**What you should do**
Print the data exactly. Pictures stay out.

Data entries:
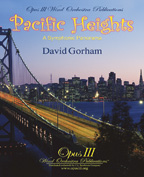Pacific Heights Concert Band sheet music cover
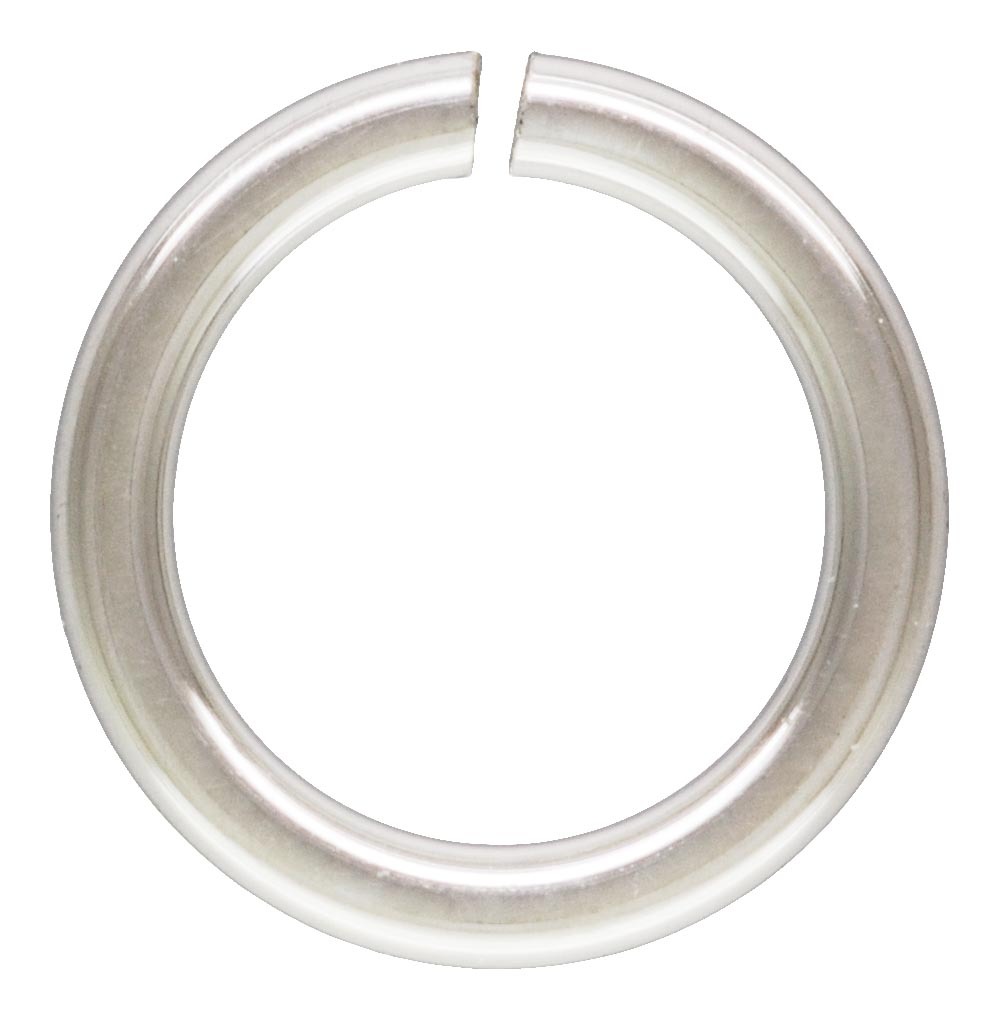 Sterling Silver .925 3mm to 9mm OPEN JumpRings in 22Ga.+ 20.5Ga+19.5Ga+18Ga+16GA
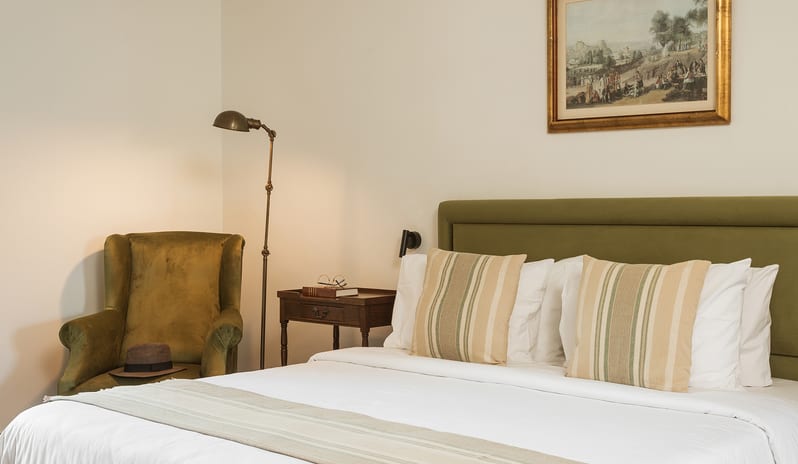 Family Interconnecting Apartment with Veranda with garden access and outdoor seating at Grecotel LUXME Costa Botanica by Kenwood Travel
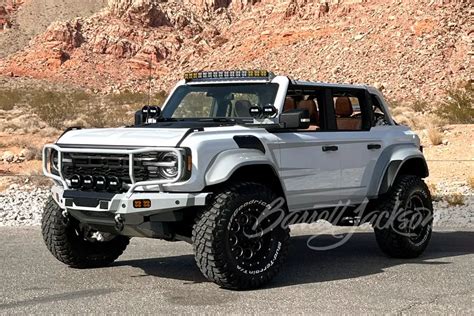 2022 Ford Bronco Raptor Interior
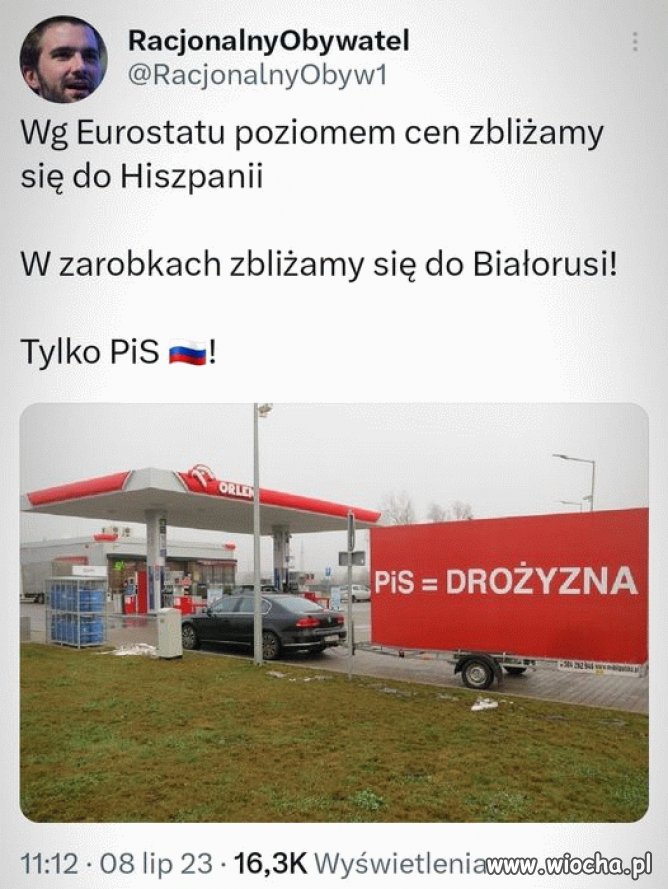 Skoro jest tak dobrze to dlaczego jest tak źle?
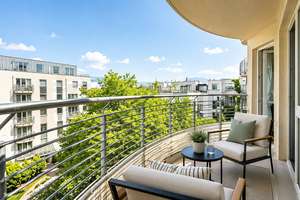 Bezugsfrei: 3-Zi. Wohnung mit 2 Bädern, Balkon, Stellplatz & Concierge-Service in Prenzlauer Berg – Die vollständige Adresse der Immobilie erhältst du vom Anbieter., 10435 Prenzlauer Berg, Berlin – Vorschaubild 2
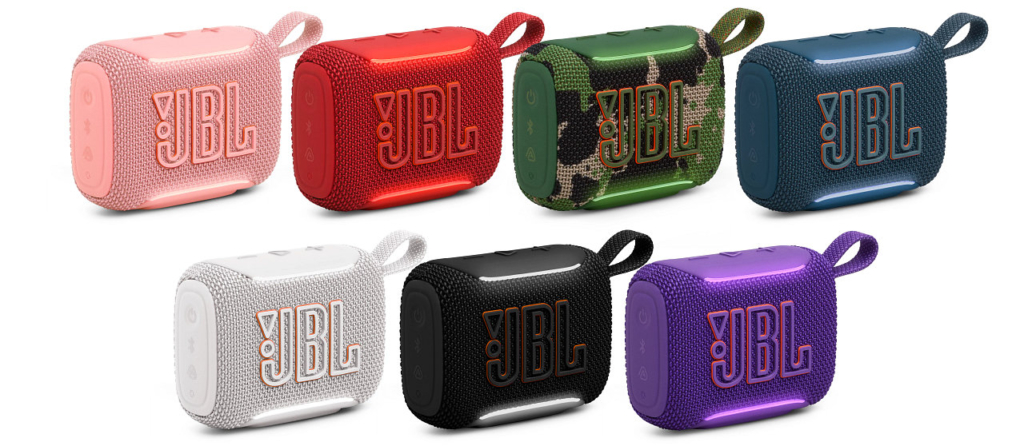 Die Farbauswahl ist beim Go 5 durchaus beeindruckend.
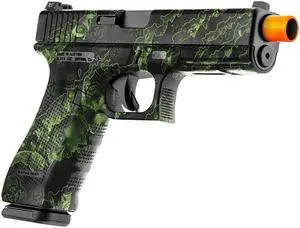 GunSkins Pistol Skin for Airsoft Glock 17 (Proveil Reaper Z)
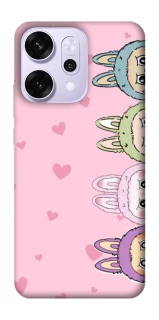 Чохол на Oppo Reno 14 Pro All Labubu 4 фото 1 з 1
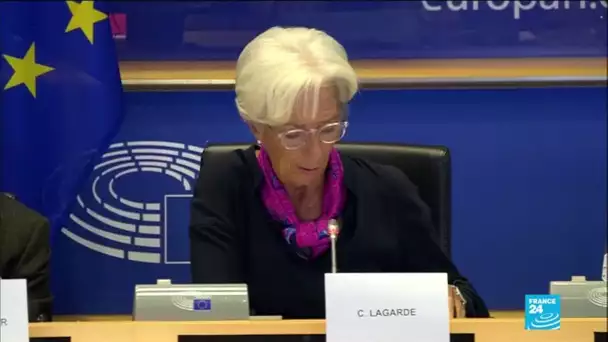 Christine Lagarde prend les rênes de la Banque centrale européenne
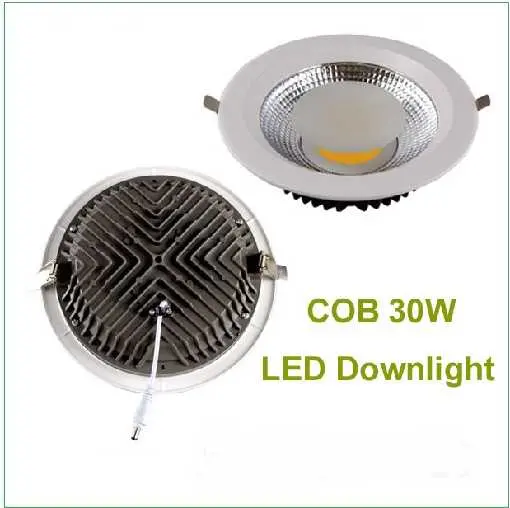 [EMB-30W-41K-COB] EMBUTIDAS DE 30W 4100-4500K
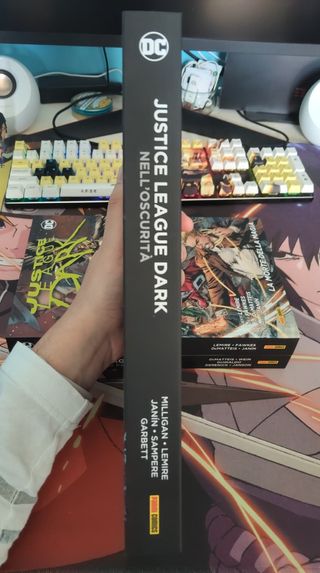 FUMETTO JUSTICE LEAGUE DARK 1-3 COMPLETO PANINI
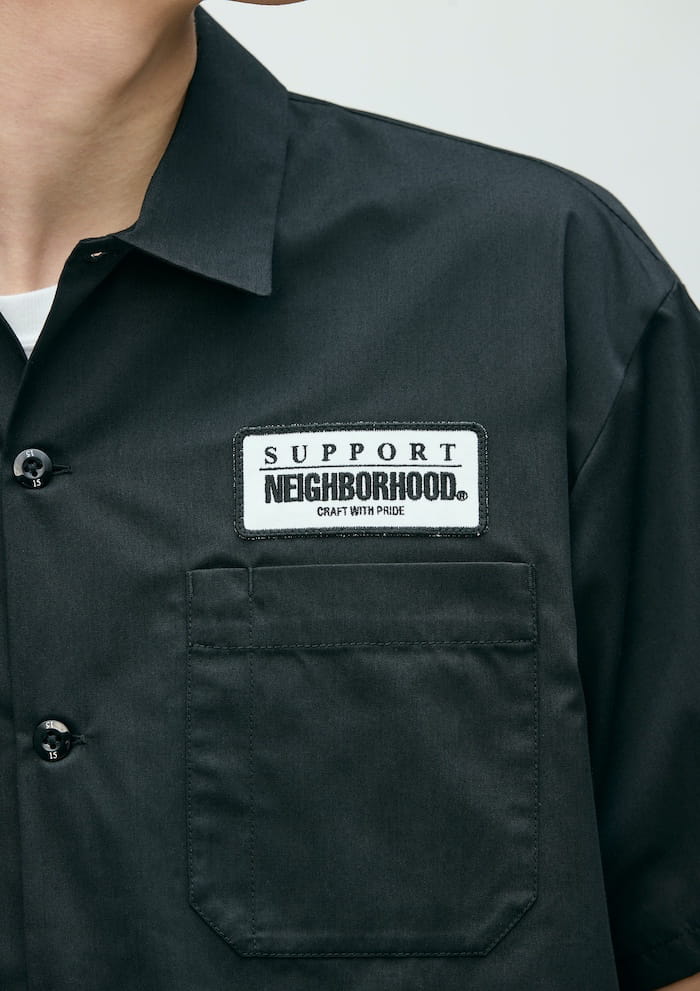 NEIGHBORHOOD(ネイバーフッド)｜CLASSIC WORK SHIRT SS-1｜正規通販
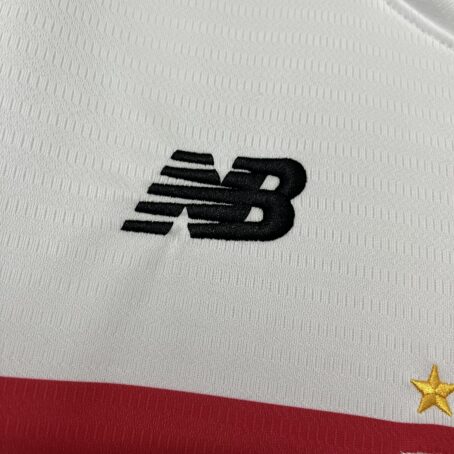 Camisa Longa São Paulo - Branca- 24/25 - Imagem 4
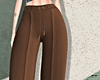 Trousers l brown+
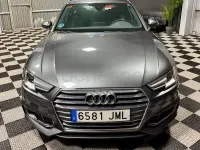 Usado Audi A4 S-Line 150 CV (110 kW) 2016 Gris / plata Familiar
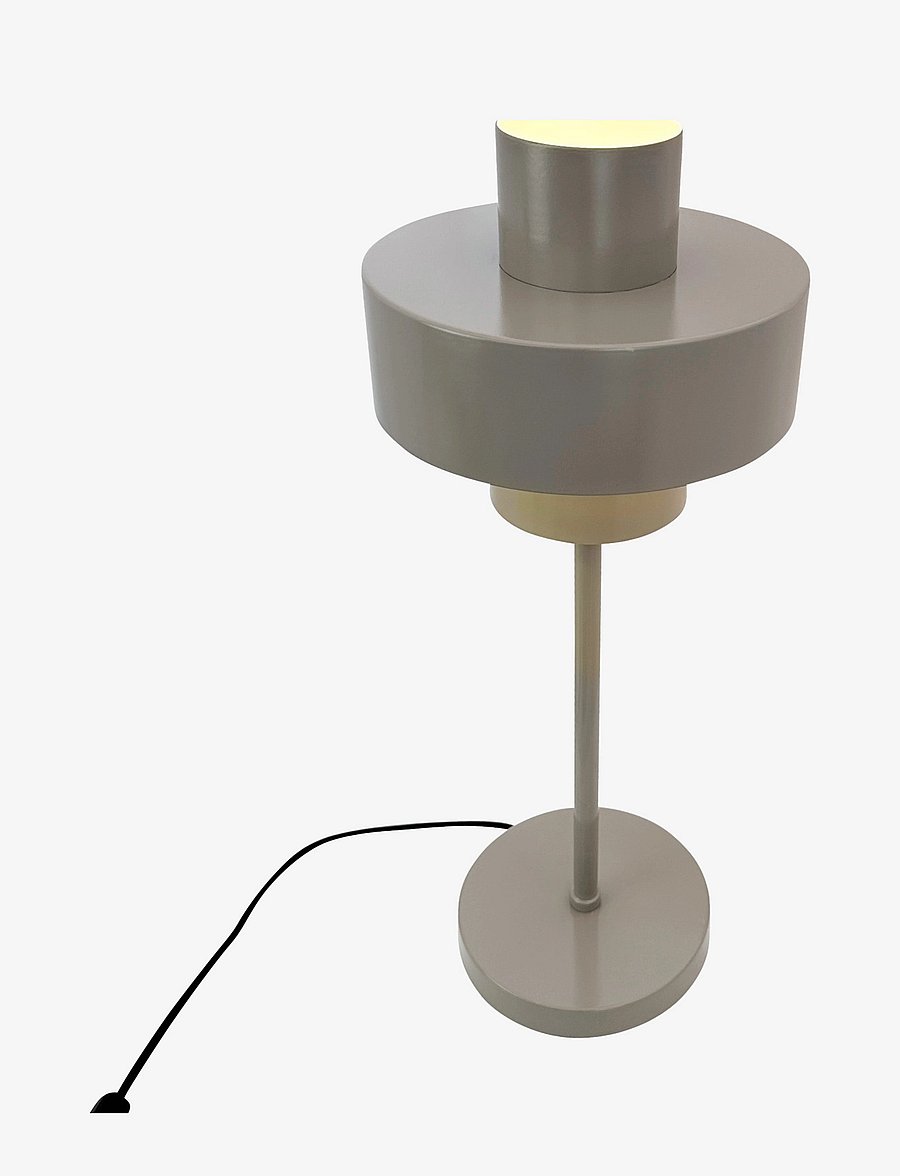 Dyberg Larsen - Stoke Table Lamp - schreibtisch- & tischlampen - grey - 5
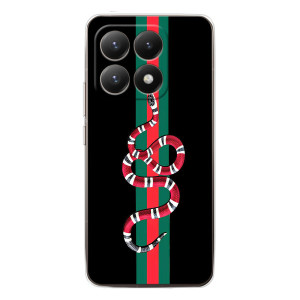 Чехлы Бренд GUCCI для Xiaomi 15T – Змей Гуччи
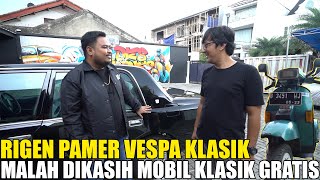 RIGEN DAPAT MOBIL BARU GRATIS DARI ANDRE BIAR NGGAK MARAHMARAH TERUS [upl. by Neerol521]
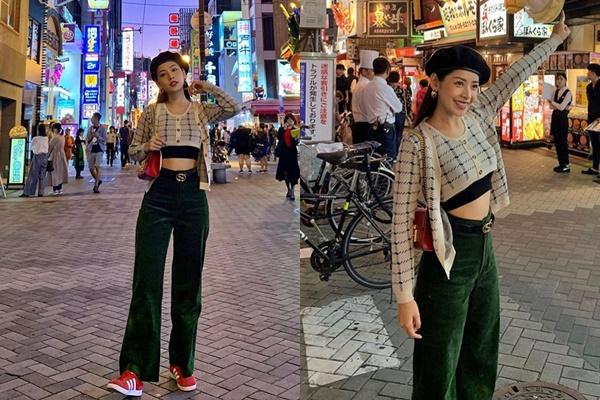 Muốn sang chảnh dịp Tết 2020 cứ học cặp chị em Thanh Hằng - Chi Pu mix 3 họa tiết siêu hot này-9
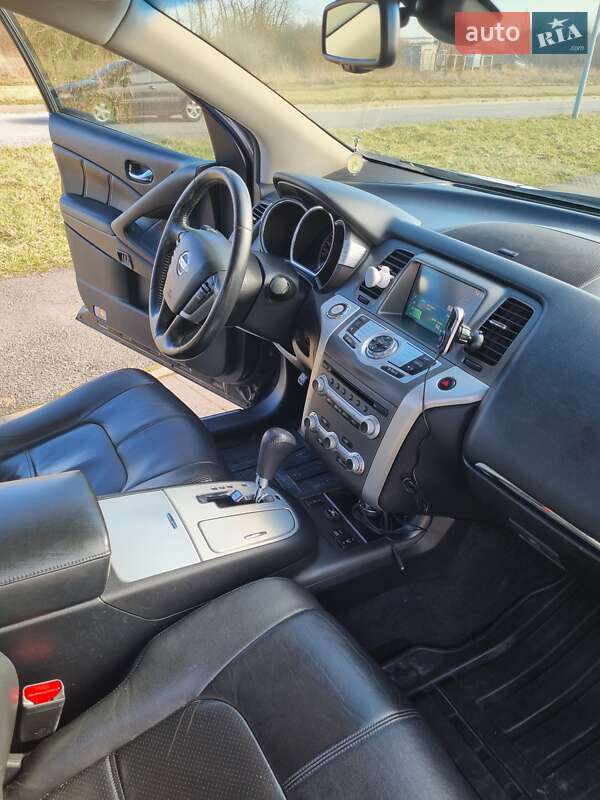 Внедорожник / Кроссовер Nissan Murano 2012 в Львове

**Solution**
Pacific Heights Concert Band sheet music cover
 Sterling Silver .925 3mm to 9mm OPEN JumpRings in 22Ga.+ 20.5Ga+19.5Ga+18Ga+16GA
 Family Interconnecting Apartment with Veranda with garden access and outdoor seating at Grecotel LUXME Costa Botanica by Kenwood Travel
 2022 Ford Bronco Raptor Interior
 Skoro jest tak dobrze to dlaczego jest tak źle?
 Bezugsfrei: 3-Zi. Wohnung mit 2 Bädern, Balkon, Stellplatz & Concierge-Service in Prenzlauer Berg – Die vollständige Adresse der Immobilie erhältst du vom Anbieter., 10435 Prenzlauer Berg, Berlin – Vorschaubild 2
 Die Farbauswahl ist beim Go 5 durchaus beeindruckend.
 GunSkins Pistol Skin for Airsoft Glock 17 (Proveil Reaper Z)
 Чохол на Oppo Reno 14 Pro All Labubu 4 фото 1 з 1
 Christine Lagarde prend les rênes de la Banque centrale européenne
 [EMB-30W-41K-COB] EMBUTIDAS DE 30W 4100-4500K
 FUMETTO JUSTICE LEAGUE DARK 1-3 COMPLETO PANINI
 NEIGHBORHOOD(ネイバーフッド)｜CLASSIC WORK SHIRT SS-1｜正規通販
 Camisa Longa São Paulo - Branca- 24/25 - Imagem 4
 Trousers l brown+
 Usado Audi A4 S-Line 150 CV (110 kW) 2016 Gris / plata Familiar
 Dyberg Larsen - Stoke Table Lamp - schreibtisch- & tischlampen - grey - 5
 Чехлы Бренд GUCCI для Xiaomi 15T – Змей Гуччи
 RIGEN DAPAT MOBIL BARU GRATIS DARI ANDRE BIAR NGGAK MARAHMARAH TERUS [upl. by Neerol521]
 Muốn sang chảnh dịp Tết 2020 cứ học cặp chị em Thanh Hằng - Chi Pu mix 3 họa tiết siêu hot này-9
 Внедорожник / Кроссовер Nissan Murano 2012 в Львове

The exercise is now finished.